The Wallace Collection, A Family Collection, A National Museum, An International Treasure House
Candelabra
  • Candelabra
  • Attributed to François Rémond (1747 - 1812)
  • France
  • c. 1800
  • Gilt bronze, patinated bronze, steel bolts and vert de mer marble
  • Height: 106 cm
    Width: 41.2 cm
  • F156
  • West Room
Commentary
History
Further Reading
  • The model was introduced by François Rémond (1747-1812) in June 1785, but few examples survive from the years immediately after this, although production continued for twenty years. The palmette and palm-leaf candleholders of the Wallace Collection pair were models introduced later by Rémond, in about 1800. This, and the quality of the casting and chasing, helps support the approximate dating.

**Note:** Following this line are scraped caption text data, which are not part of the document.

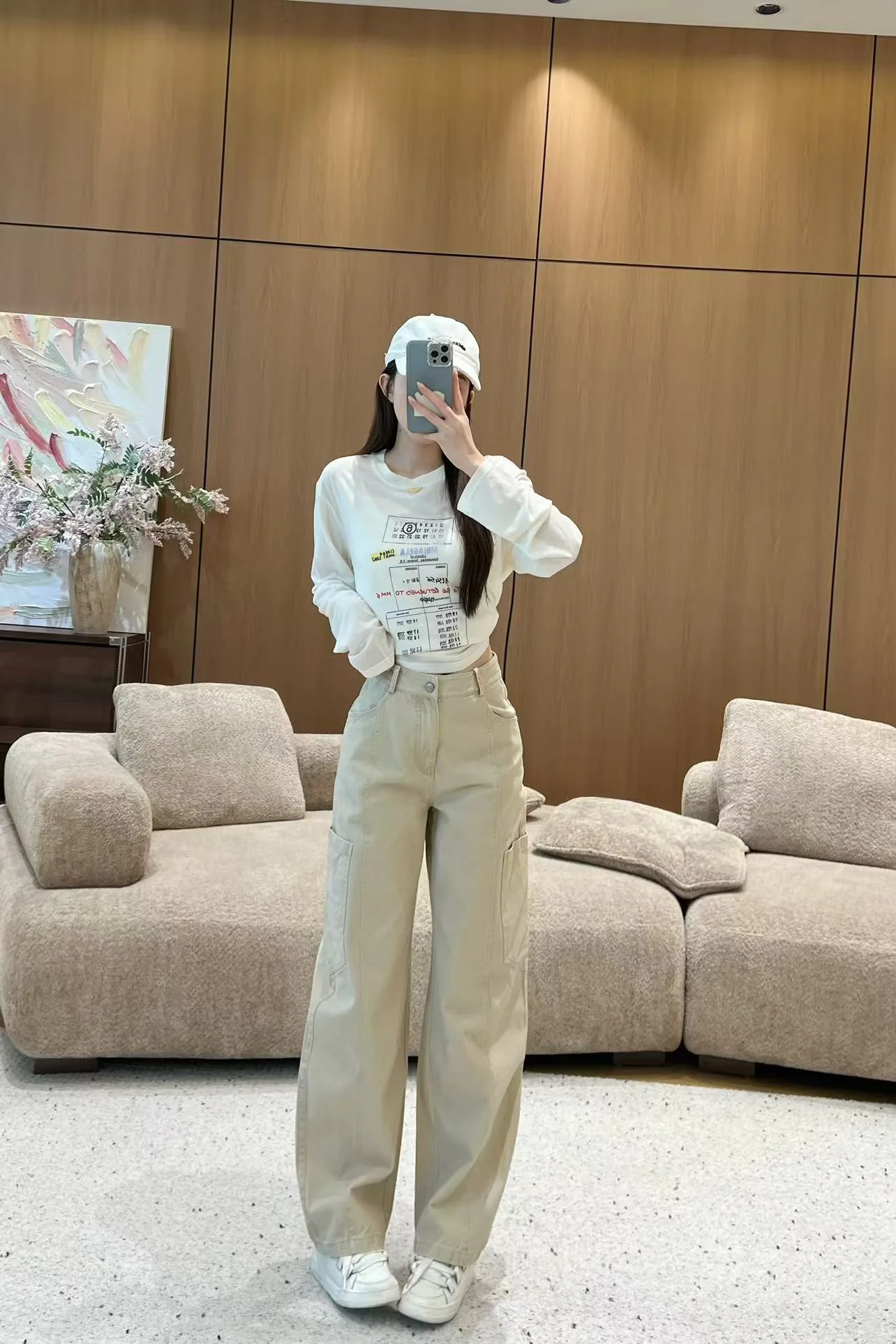 Брюки Женские Maison Margiela 11530553
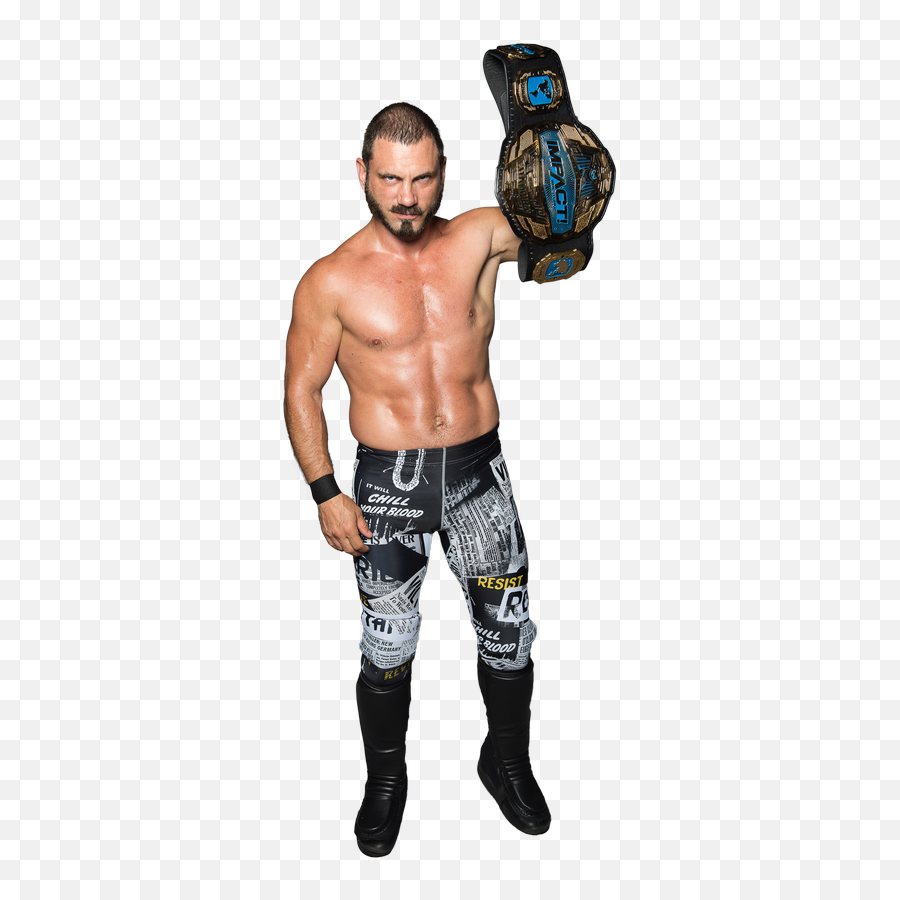 Impact Wrestling Austin Aries 2018 Png - Professional Wrestler,Austin Aries Png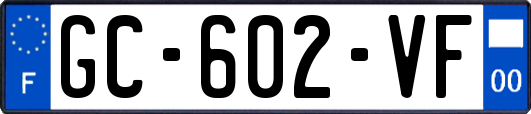 GC-602-VF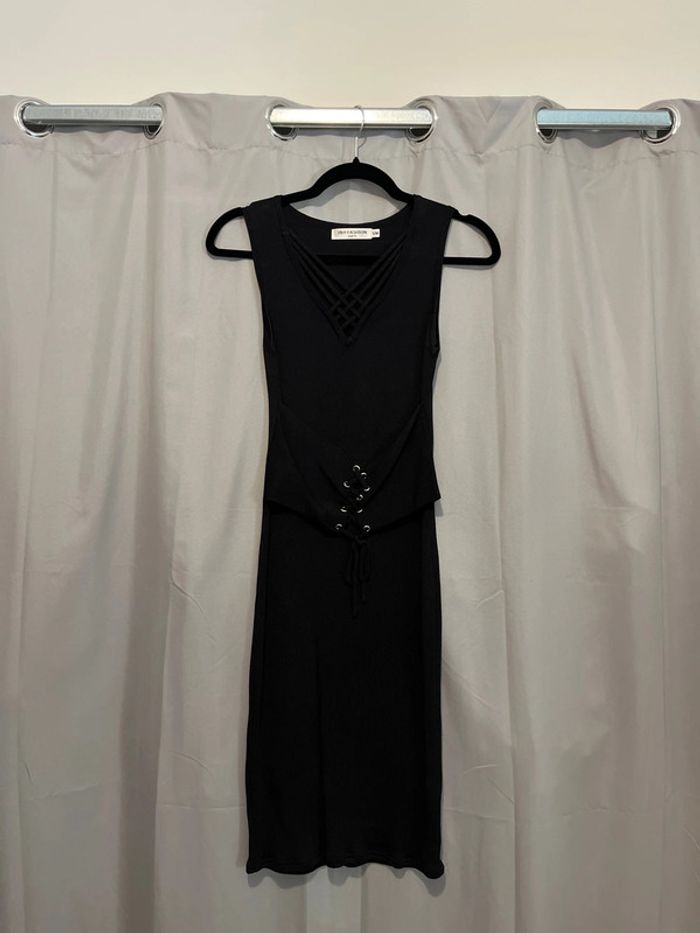 Robe noire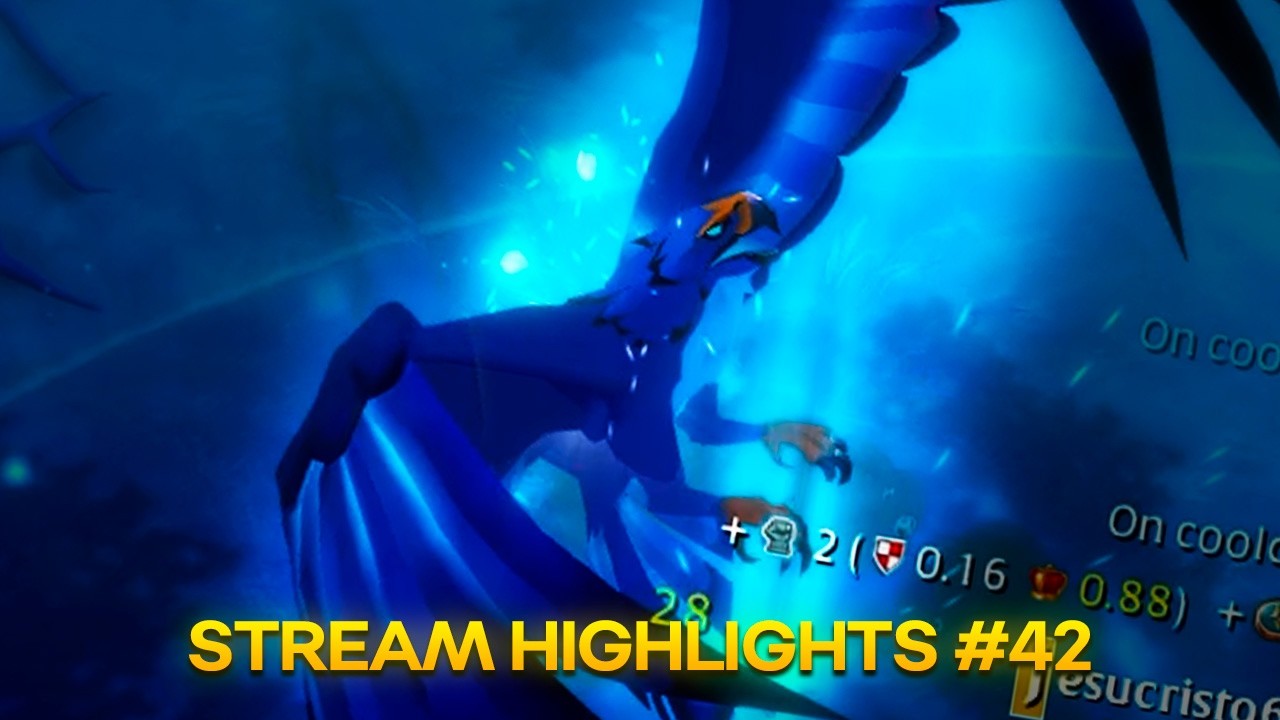 RECOLECTE 1 SEMANA en MISTS | Stream highlights #42 | Albion Online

    The candelabra are entirely neo-classical in style and spirit. The partially-draped female figures of patinated bronze evoke the statues of antiquity, or the designs found on Etruscan vases. They reach up to tie festive ribbons around the branches of the candelabra; the stems are decorated with rams’ heads, laurel wreaths and garlands of fruit and flowers, and supported on a tripod base formed by three recumbent winged sphinxes. The pedestals evoke the altars of classical temples, and are decorated with more garlands and oval gilt-bronze plaques depicting scenes from classical life.

    A pair of candelabra of this model, presumably also by Rémond, was seized from the comte de Fernan-Nunez, Spanish Ambassador, in 1793. A further pair was delivered to Tsar Paul I on 28 October 1798 by the dealer Xavier Labenski.